La Banque de France est désormais dans le viseur de la justice française. Une plainte pour complicité de génocide et de crimes contre l’humanité a été déposée contre l’institution financière, accusée d’avoir validé plusieurs virements susceptibles d’avoir facilité l’armement des forces génocidaires rwandaises en 1994.

Saisie le 4 décembre par le Collectif des parties civiles pour le Rwanda (CPCR) et ses fondateurs, Alain Gauthier et Dafroza Mukarumongi, la plainte a été adressée au doyen des juges d’instruction du Pôle crimes contre l’humanité du tribunal judiciaire de Paris. Révélé par le journal Libération, le document, consulté par l’AFP, soulève de lourds soupçons quant au rôle qu’aurait pu jouer la banque centrale française en pleine période d’embargo onusien.
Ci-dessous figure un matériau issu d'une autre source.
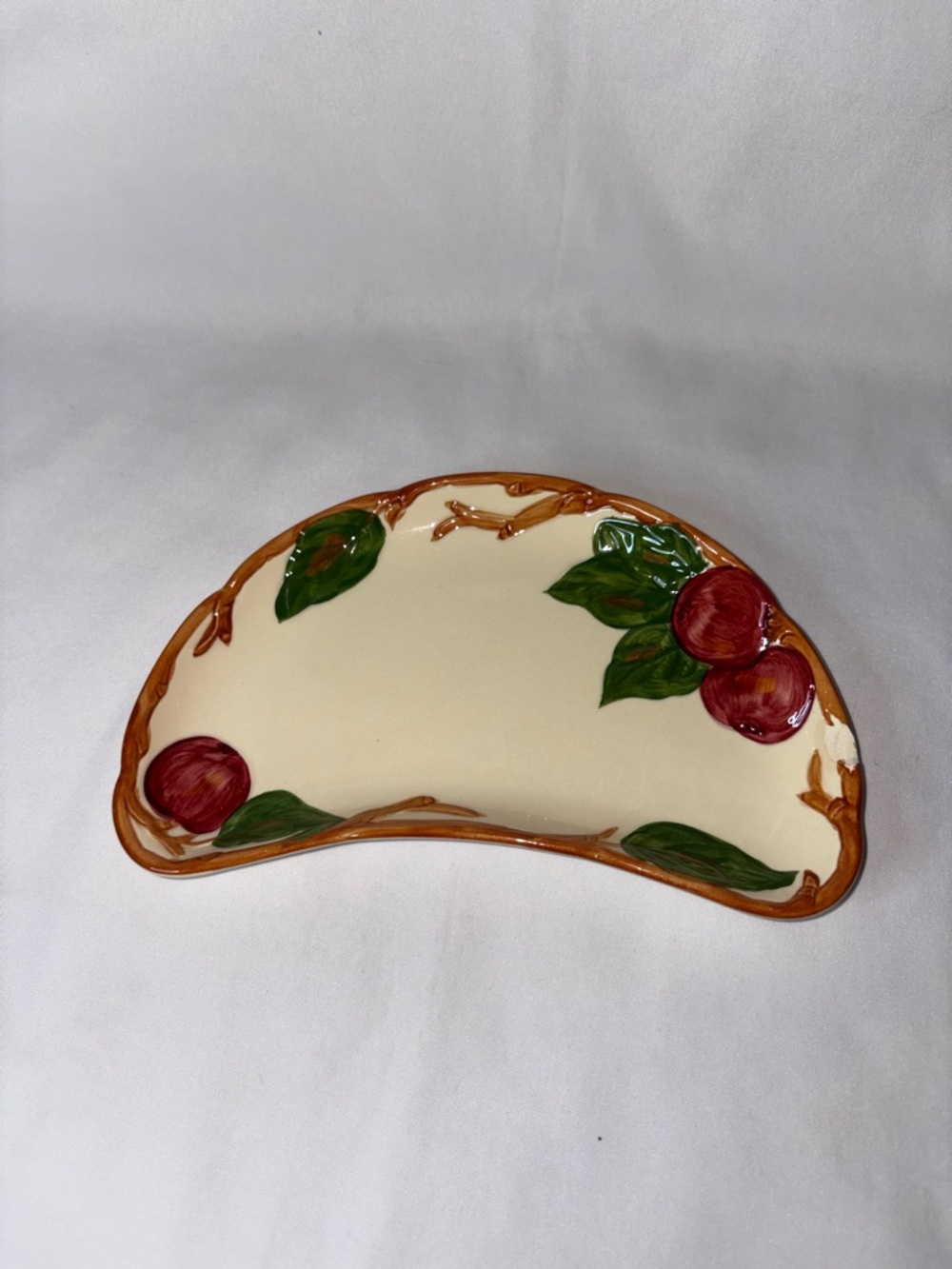 Franciscan Apple Half Moon Plates Set of 3 Vintage USA Hand Painted (As-Is) - Picture 7 of 9
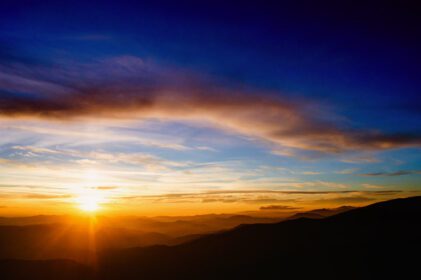 دانلود عکس رنگ آبی کوه در هنگام غروب آفتاب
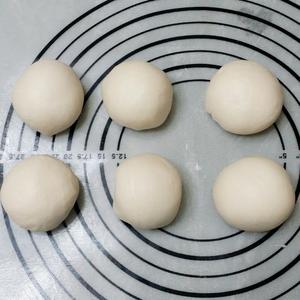 火腿肠早餐面包（一次发酵法）的做法 步骤4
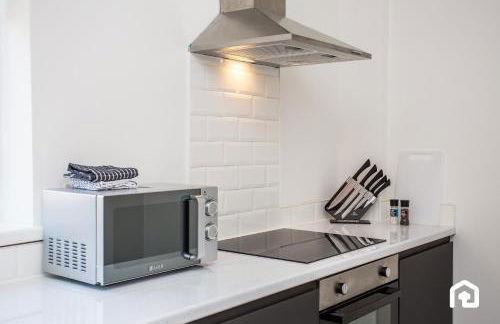 Vacant Nests The Fredrick Close to sea front - Photo 7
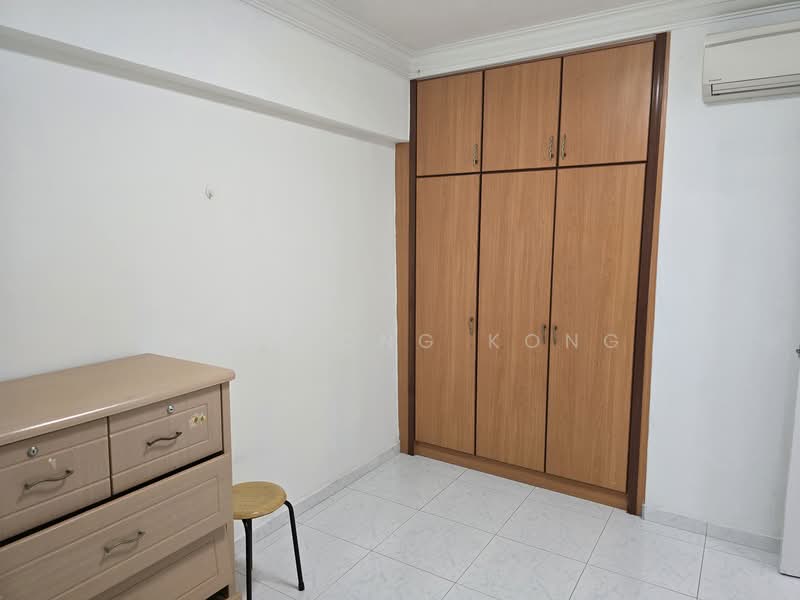 611 Bukit Panjang Ring Road, 611 Bukit Panjang Ring Road, 3 Bedrooms, 969 sqft, HDB Flat For Rent, by Fan Mong Kong, 25399609 - Common room with wardrobe - PropertyGuru.com.sg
Des virements effectués malgré l’embargo

Selon les plaignants, la Banque de France n’aurait pas gelé le compte de la Banque nationale du Rwanda après la mise en place d’un embargo sur les ventes d’armes décrété par l’ONU le 17 mai 1994. Au contraire, elle aurait procédé à sept transferts entre mai et août 1994, pour un montant total de 3,17 millions de francs (environ 486.000 euros).
Parmi les bénéficiaires de ces fonds figure notamment la société française Alcatel, soupçonnée d’avoir fourni des équipements de communication aux autorités rwandaises.
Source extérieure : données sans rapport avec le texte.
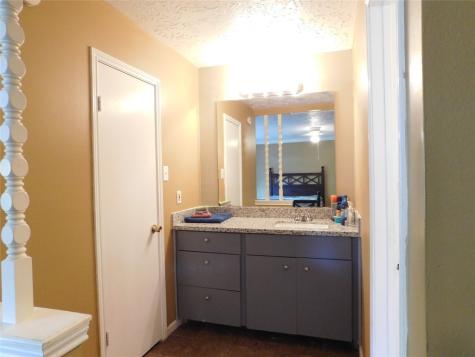 8215 Quail Hills Drive Houston TX 77489
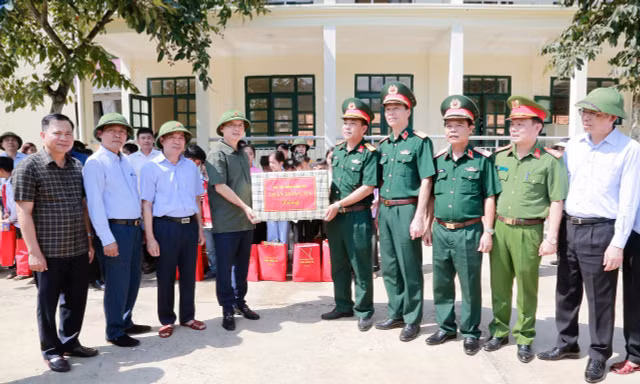 Phó Thủ tướng Chính phủ Trần Hồng Hà kiểm tra công tác khắc phục hậu quả tại Thanh Hóa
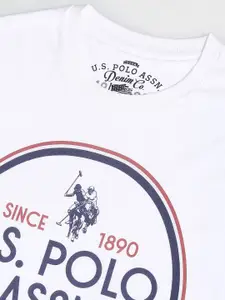 U.S. Polo Assn. Denim Co. Men White Printed Slim Fit Round Neck Pure Cotton T-shirt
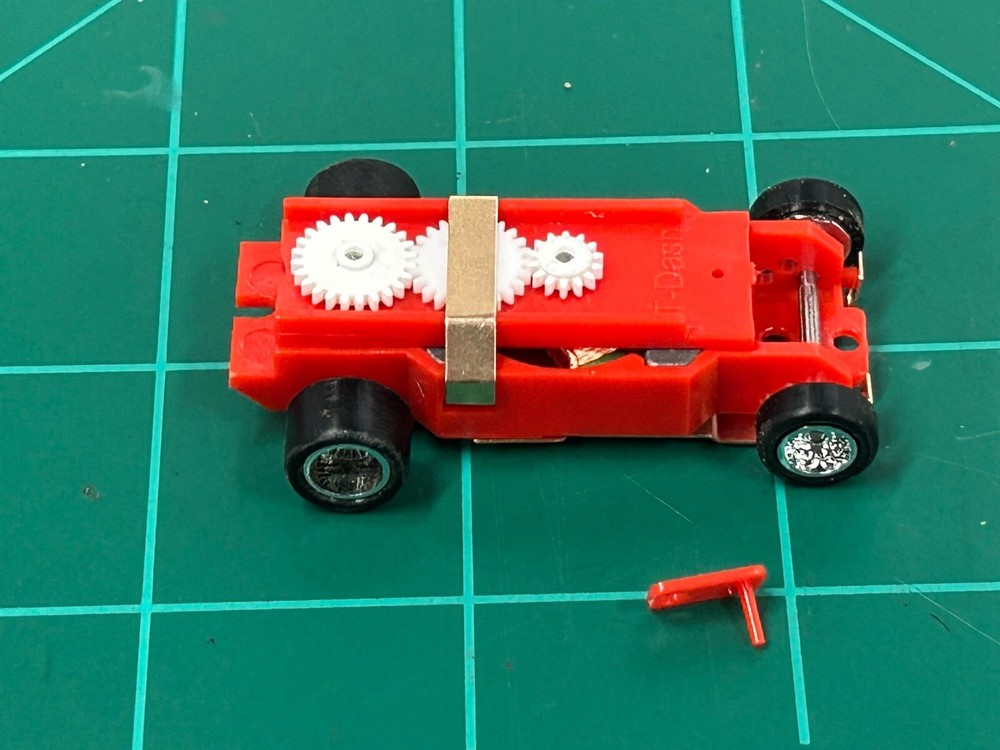 New Red Dash Gen 2  T-jet Style Chassis Works On AFX And Aurora Track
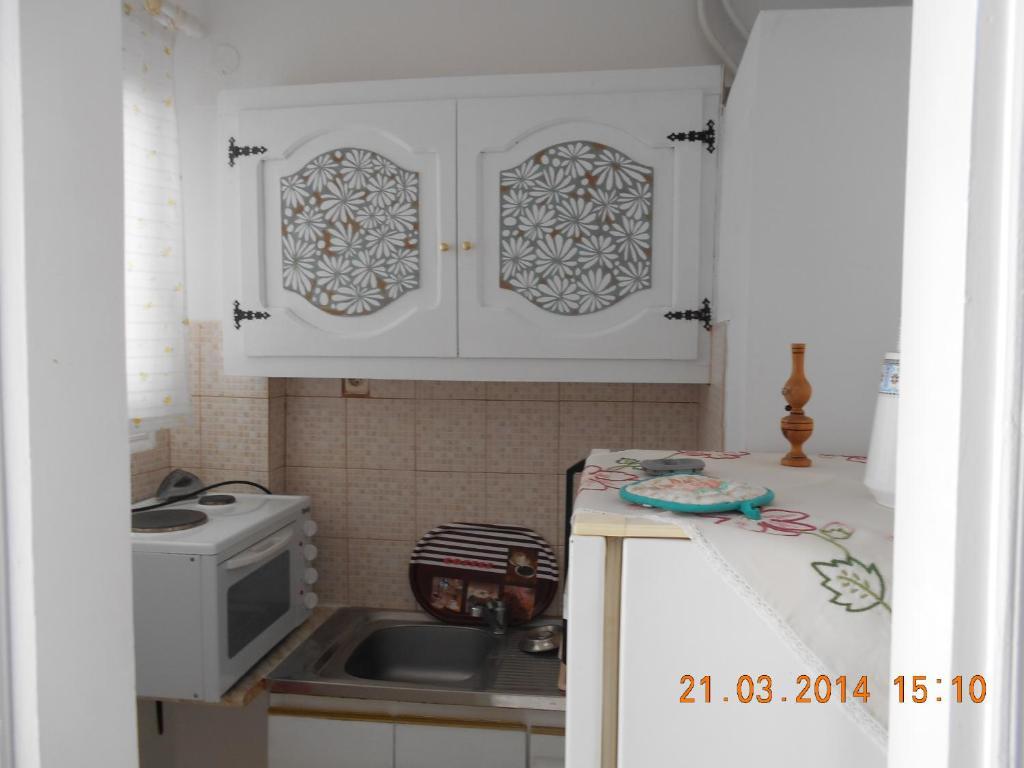 Mina Apartments Poros Town Zimmer foto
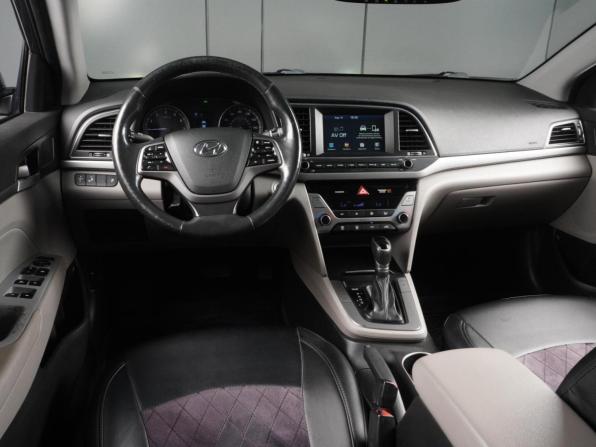 Hyundai Elantra VI (AD) с пробегом 2017 года, цена 1 299 000 рублей, 170814 км, седан, Автокод Объявления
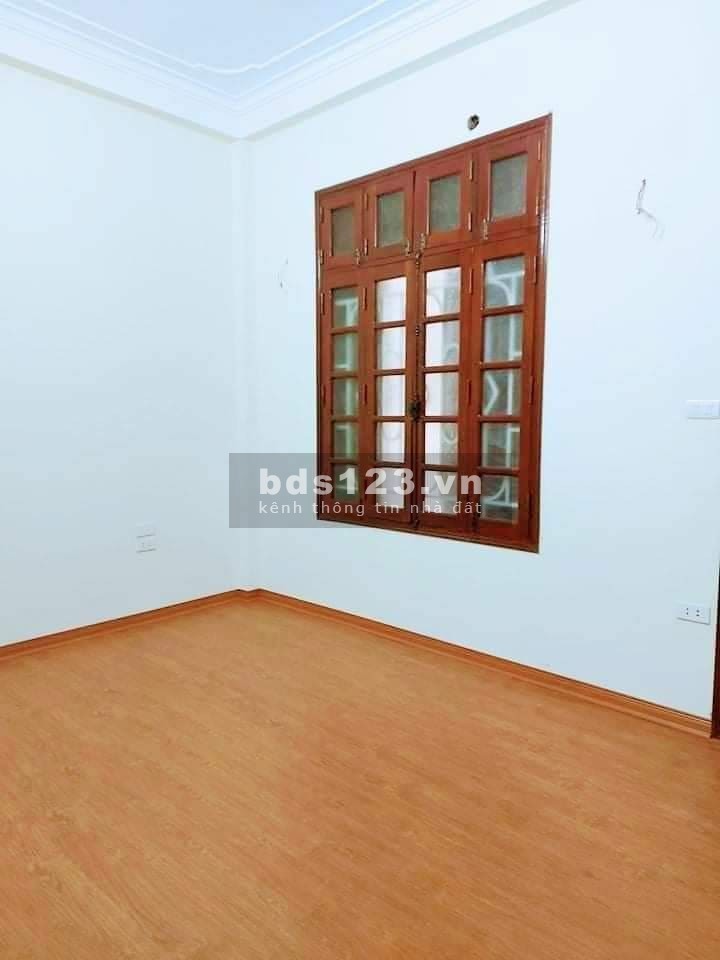 Cần Bán Nhà Cự Lộc 32m2 giá 3.5 tỷ- 2 thoáng, 4 ngủ- Nhà đẹp, tự xây .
Un versement de 435.000 francs, daté du 5 mai 1994, apparaît dans les documents cités dans la plainte. Plusieurs témoignages soutiennent que cette somme aurait servi à acheter des téléphones satellites jugés essentiels par le gouvernement intérimaire rwandais pour maintenir ses communications.

“Des criminels en col blanc”

Pour les avocats du CPCR, Me Matilda Ferey et Me Joseph Breham, il s’agit de mettre en lumière la responsabilité de tous les acteurs ayant contribué, directement ou indirectement, à la machine génocidaire.
« Le génocide des Tutsi n’a pas seulement été l’œuvre de ceux qui tuaient à la machette. Il a été rendu possible par une multitude de criminels en col blanc, qui ont autorisé des transferts et signé des opérations dans la banalité administrative », ont-ils souligné dans un communiqué.
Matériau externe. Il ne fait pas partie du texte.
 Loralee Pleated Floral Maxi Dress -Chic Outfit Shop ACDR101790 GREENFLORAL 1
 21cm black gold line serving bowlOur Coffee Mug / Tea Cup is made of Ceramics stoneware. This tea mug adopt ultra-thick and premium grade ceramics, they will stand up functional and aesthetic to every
La Banque de France se défend

Dans une déclaration accordée à l’agence française de presse, la Banque de France affirme n’avoir pu procéder qu’à des “recherches sommaires”, faute de temps depuis le dépôt de la plainte.
« À ce stade, nous n’avons trouvé aucune trace des virements évoqués. Les pièces comptables doivent être détruites après dix ans, conformément aux prescriptions réglementaires », explique l’institution.

Un crime de masse toujours au cœur des procédures judiciaires

Le génocide des Tutsi au Rwanda a causé plus de 800.000 morts entre avril et juillet 1994, selon l’ONU. Plus de trente ans après, les ramifications financières et politiques de cette tragédie continuent d’être explorées par la justice internationale.